Reformasi ternyata bukan sebuah lorong lurus yang bisa mengikuti setiap zaman. Banyak bagiannya tak lagi utuh karena tak bisa melewati waktu atau memang sengaja tidak dilewatkan. ia harus diingat, meski ada yang jeri dalam nostalgia. karena kita sadar reformasi bukan mantra yang kesaktiannya melekat pada kata disepanjang abad.

Setelah sepuluh tahun reformasi. Saat sepuluh tahun reformasi mulai diperingati... ketika harapan dan cita-cita untuk mendapatkan keadilan dan mensejahterakan rakyat dari pahlawan reformasi tak kunjung terwujud. Saat cita-cita hanya tingal menjadi cita-cita. Kita dikagetkan oleh kenyataan bahwa kehidupan memang tak kunjung lebih baik dibanding di urus oleh pak Harto sendirian. Kita dihenyakkan oleh keadaan banhwa ternyata banyak kualitas aspek kehidupan tak jua kunjung membaik. Ternyata kita belum benar-benar becus mengurus negara dibanding di bawah titah pak Harto.

seseorang pernah bertanya:

lantas apakah kehidupan menjadi lebih baik setelah negeri ini di tinggalkan oleh Soeharto?
Lalu buat apa reformasi?

Entah...

mungkin Reformasi memang hanya menjadi sebuah lambang optimisme dan harapan yang jawabannya seperti sebuah anekdot nama bulan dimana reformasi ini menemukan puncaknya.

Mei be yes mei be no.

Entahlah..
Tapi yang jelas setelah Soeharto lengser bahwa kini “kita”-lah yang mengurus dan menetukan arah negeri ini dan bukan hanya dari telunjuk seseorang. Bahwa kini kita belajar menerima yang lain yang berbeda dalam ruang demokrasi. Mungkin itulah sebagian makna dari reformasi. Bahwa tak ada yang bisa disalahkan, kecuali “kita” sendiri. Mungkin itulah sebagian hasil dari reformasi dahulu, kita bebas menentukan arah bangsa ini bebas berbeda walau ternyata tak cukup makan dan tak cukup energi.

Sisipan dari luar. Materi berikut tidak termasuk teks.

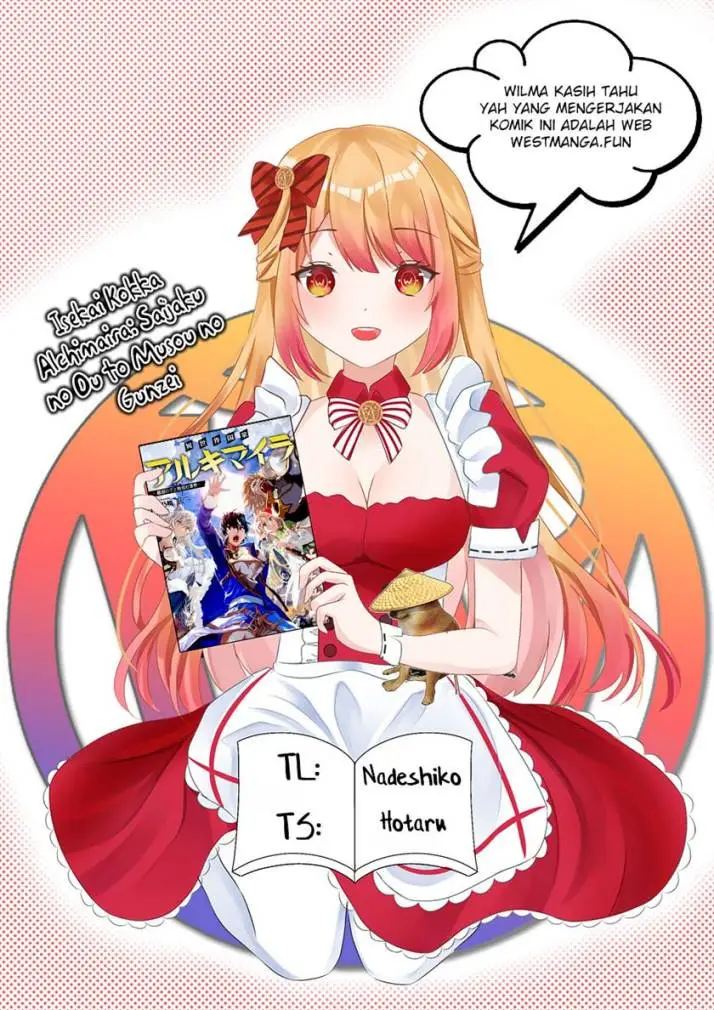 image-komik-isekai-kokka-arukimaira-saijaku-no-o-to-muso-no-gunzei-chapter-12.3-0/15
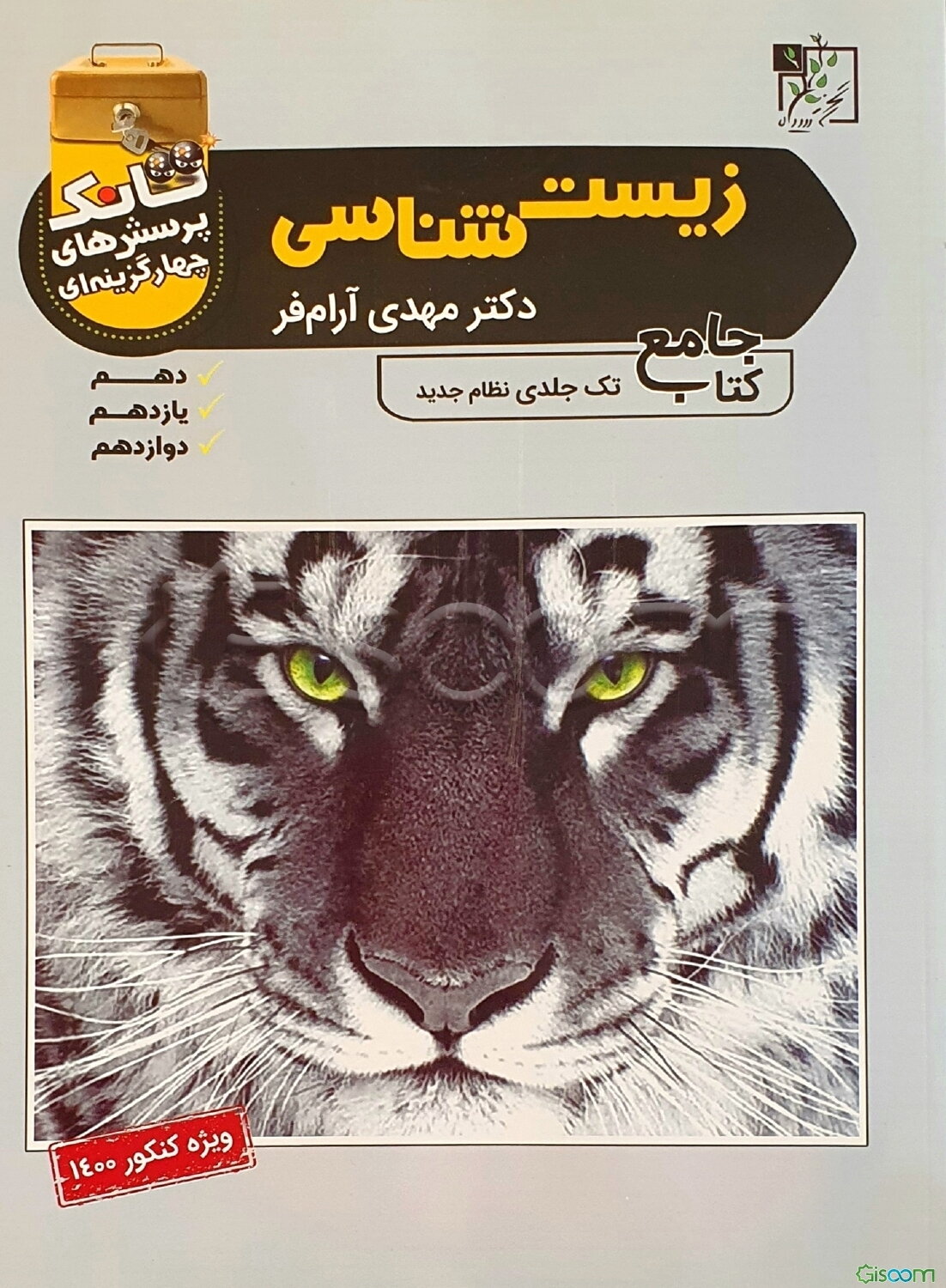 تانک پرسش‌های چهارگزینه‌ای زیست‌شناسی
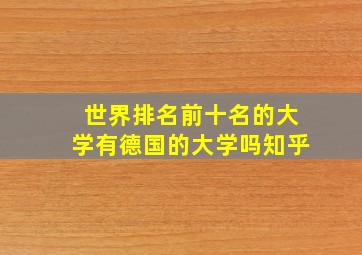 世界排名前十名的大学有德国的大学吗知乎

:: hanya untuk ingat dan mencari akar dengan menengok masa lampau.Karena orientasi melihat masa depan akan kurang lengkap jika orientasi ke masa lampau tidak ada* ::
*dikutip dan dimodifikasi dari tulisannya budi darma yang berjudul menengok masa lampau. Dari buku Kumpulan Cerpen Budi Darma Fofo dan Senggring.